Print every line of the listing below, starting with the line that holds "a dining room" and going on through the line that holds "Indian employees of", both included, and print nothing else.
***** MATERIALS PROVIDED *****
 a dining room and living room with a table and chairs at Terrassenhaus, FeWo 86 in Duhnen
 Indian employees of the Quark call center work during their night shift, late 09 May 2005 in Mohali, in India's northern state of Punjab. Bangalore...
*****
***** MATERIALS PROVIDED *****
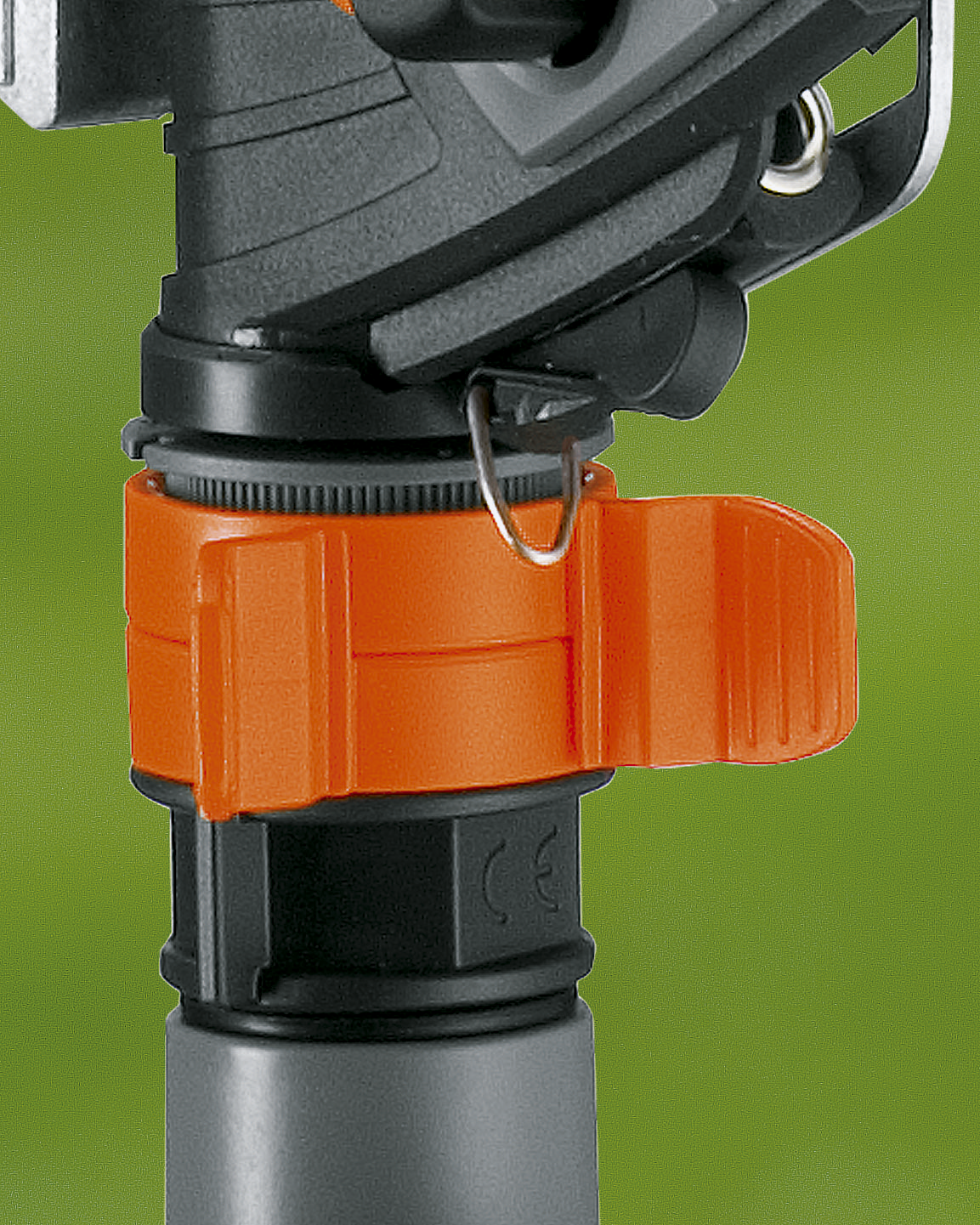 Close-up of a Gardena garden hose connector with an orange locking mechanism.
*****
***** MATERIALS PROVIDED *****
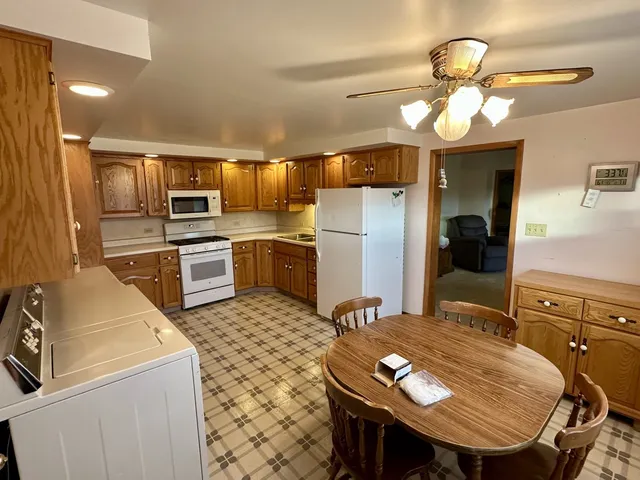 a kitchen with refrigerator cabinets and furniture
*****
▶ _ANSWER_:
 a dining room and living room with a table and chairs at Terrassenhaus, FeWo 86 in Duhnen
 Indian employees of the Quark call center work during their night shift, late 09 May 2005 in Mohali, in India's northern state of Punjab. Bangalore...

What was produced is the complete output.